*** Extracted entries ***

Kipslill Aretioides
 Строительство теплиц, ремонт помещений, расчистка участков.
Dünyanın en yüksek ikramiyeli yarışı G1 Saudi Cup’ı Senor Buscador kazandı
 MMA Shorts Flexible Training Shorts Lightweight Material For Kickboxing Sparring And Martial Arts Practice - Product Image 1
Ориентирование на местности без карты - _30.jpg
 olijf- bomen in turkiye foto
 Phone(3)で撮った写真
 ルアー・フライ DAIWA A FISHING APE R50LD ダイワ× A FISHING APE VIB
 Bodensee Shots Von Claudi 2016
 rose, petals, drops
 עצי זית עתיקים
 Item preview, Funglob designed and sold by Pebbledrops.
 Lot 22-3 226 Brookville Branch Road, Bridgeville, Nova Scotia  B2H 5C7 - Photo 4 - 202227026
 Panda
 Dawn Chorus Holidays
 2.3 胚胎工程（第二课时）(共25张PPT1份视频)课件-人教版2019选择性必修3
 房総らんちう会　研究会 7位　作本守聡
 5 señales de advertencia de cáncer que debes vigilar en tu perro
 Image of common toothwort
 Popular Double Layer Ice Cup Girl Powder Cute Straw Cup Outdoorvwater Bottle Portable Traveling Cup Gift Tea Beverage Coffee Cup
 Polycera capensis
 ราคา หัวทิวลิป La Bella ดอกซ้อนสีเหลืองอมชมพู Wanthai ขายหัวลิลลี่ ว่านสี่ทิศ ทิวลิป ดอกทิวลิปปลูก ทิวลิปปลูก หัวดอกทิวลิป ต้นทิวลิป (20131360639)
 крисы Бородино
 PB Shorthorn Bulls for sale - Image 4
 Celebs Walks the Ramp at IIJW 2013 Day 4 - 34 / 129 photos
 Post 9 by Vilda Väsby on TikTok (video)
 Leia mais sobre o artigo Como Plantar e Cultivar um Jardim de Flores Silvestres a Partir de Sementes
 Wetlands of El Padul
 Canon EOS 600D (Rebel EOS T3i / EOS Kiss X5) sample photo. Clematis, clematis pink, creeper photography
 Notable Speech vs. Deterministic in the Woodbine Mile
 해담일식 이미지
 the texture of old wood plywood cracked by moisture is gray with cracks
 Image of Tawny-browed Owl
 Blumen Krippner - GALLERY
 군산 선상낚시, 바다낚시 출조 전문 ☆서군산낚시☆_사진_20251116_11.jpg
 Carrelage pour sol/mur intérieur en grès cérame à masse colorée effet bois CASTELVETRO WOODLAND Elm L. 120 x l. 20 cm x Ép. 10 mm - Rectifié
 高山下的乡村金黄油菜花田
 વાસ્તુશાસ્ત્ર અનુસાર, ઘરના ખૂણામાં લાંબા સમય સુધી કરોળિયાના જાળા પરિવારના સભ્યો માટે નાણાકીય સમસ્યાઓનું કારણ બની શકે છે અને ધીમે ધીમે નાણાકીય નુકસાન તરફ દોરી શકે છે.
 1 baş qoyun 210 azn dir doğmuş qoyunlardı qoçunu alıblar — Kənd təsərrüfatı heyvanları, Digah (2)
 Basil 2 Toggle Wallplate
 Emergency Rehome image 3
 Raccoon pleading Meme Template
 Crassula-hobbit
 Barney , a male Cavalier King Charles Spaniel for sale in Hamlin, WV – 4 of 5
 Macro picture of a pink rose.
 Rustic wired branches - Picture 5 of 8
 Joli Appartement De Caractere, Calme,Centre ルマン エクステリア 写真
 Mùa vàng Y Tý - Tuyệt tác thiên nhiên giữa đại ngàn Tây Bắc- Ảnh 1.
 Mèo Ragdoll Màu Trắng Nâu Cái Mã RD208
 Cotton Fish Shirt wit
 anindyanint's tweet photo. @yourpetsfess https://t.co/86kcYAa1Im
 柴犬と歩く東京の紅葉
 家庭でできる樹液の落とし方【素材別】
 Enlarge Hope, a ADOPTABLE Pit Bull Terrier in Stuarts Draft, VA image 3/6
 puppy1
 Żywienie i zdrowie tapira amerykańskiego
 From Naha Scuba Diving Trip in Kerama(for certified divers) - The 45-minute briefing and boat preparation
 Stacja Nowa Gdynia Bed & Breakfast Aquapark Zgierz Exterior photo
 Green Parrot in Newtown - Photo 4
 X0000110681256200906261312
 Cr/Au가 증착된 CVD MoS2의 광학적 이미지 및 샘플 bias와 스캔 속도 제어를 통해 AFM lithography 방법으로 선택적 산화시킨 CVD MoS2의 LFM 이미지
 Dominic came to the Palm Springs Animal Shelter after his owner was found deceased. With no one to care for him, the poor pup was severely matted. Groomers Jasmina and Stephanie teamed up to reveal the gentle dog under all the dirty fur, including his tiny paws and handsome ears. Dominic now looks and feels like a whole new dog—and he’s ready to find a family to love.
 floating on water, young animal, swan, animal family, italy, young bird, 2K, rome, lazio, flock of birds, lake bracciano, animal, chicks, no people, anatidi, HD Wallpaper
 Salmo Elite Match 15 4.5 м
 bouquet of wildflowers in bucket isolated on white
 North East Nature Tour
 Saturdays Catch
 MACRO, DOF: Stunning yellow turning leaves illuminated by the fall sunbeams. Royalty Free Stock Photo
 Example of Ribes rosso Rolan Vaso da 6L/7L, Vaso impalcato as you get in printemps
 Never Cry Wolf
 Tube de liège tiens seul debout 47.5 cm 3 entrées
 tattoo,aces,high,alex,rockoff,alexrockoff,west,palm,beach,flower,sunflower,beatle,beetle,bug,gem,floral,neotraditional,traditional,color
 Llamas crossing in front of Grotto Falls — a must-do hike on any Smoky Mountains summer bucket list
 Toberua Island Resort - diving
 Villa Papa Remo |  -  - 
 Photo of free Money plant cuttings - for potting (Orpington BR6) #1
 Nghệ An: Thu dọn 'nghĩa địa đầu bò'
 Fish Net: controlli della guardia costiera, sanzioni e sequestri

*** End of Extracted entries ***

=== Your assignment ===
Go to the line with "anindyanint's tweet photo." in the entries above and repeat every line from there through the line with "Cr/Au가 증착된 CVD", exactly and with no other text.

=== Finished task ===
 anindyanint's tweet photo. @yourpetsfess https://t.co/86kcYAa1Im
 柴犬と歩く東京の紅葉
 家庭でできる樹液の落とし方【素材別】
 Enlarge Hope, a ADOPTABLE Pit Bull Terrier in Stuarts Draft, VA image 3/6
 puppy1
 Żywienie i zdrowie tapira amerykańskiego
 From Naha Scuba Diving Trip in Kerama(for certified divers) - The 45-minute briefing and boat preparation
 Stacja Nowa Gdynia Bed & Breakfast Aquapark Zgierz Exterior photo
 Green Parrot in Newtown - Photo 4
 X0000110681256200906261312
 Cr/Au가 증착된 CVD MoS2의 광학적 이미지 및 샘플 bias와 스캔 속도 제어를 통해 AFM lithography 방법으로 선택적 산화시킨 CVD MoS2의 LFM 이미지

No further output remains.